The city’s birds seem to be able to make do with whatever the city throws at them.
Dr El Kollali’s accounts of birds’ behavioural patterns in Cairo speak to their ingenious adaptation to life in the big city.
Many, he says, spend hours perched on the jungle of television antennas that sprout from almost every rooftop.
Others build their nests high up in air conditioning vents or in vacant apartments, spending time on the ground only when they descend to feed.
Some birds have adapted to searching for food among the rubbish strewn along the banks of the Nile in the heart of the city.
As well as feeding there, he has even spotted some birds building their nests on floating food trays made of white cork.
“It is true that you may spot many floating objects thrown in the Nile but some water birds seem to recycle what they find and make use of it to protect their nests and chicks or simply use them as a ‘boat’ to stand on while catching fish” he said.
Curiously, bird species living in Cairo include kites, kestrels, and Alexandrine and rose-ringed parakeets that have, over the years, escaped captivity and multiplied in the capital, and now jostle for space with the scores of native and migratory birds that also call the city home.

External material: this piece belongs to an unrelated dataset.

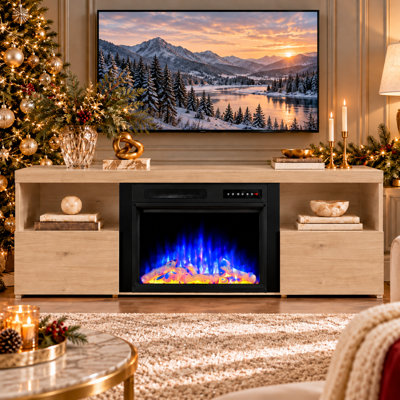 Meuble télé moderne pour téléviseur de 65 po ou moins, foyer électrique, 5 100 BTU, flamme DEL multicolore, télécommande et minuterie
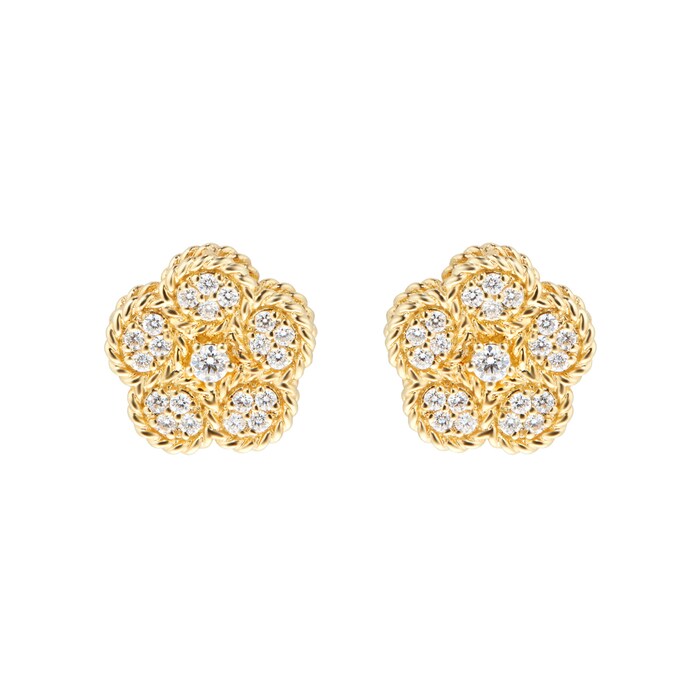 Roberto Coin Exclusive Flower 18ct Yellow Gold 0.32cttw Diamond Earrings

Dr El Kollali’s bird watching also helps him meet fellow bird lovers, although at times that happens under unlikely circumstances.
One story he enthusiastically shares is about a parakeet he recently spotted in Zamalek that had a ring on its foot. After he posted a photo of the bird online, a mutual friend called him to say it was her pet that had escaped a few days earlier.

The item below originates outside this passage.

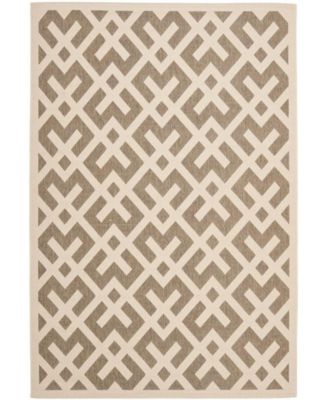 Courtyard CY6915 Brown and Bone 8' x 11' Outdoor Area Rug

The distraught owner soon joined Dr El Kollali at the spot where he saw the bird and repeatedly yelled her parakeet’s name. It soon flew over and perched on her shoulder. She fed it, placed it in a cage and took it home, where it lived freely.
The bird, however, had other ideas and escaped again, only to be found and returned home three more times before finally disappearing altogether. Its owner believes it may have chosen to live among the wild birds of Cairo.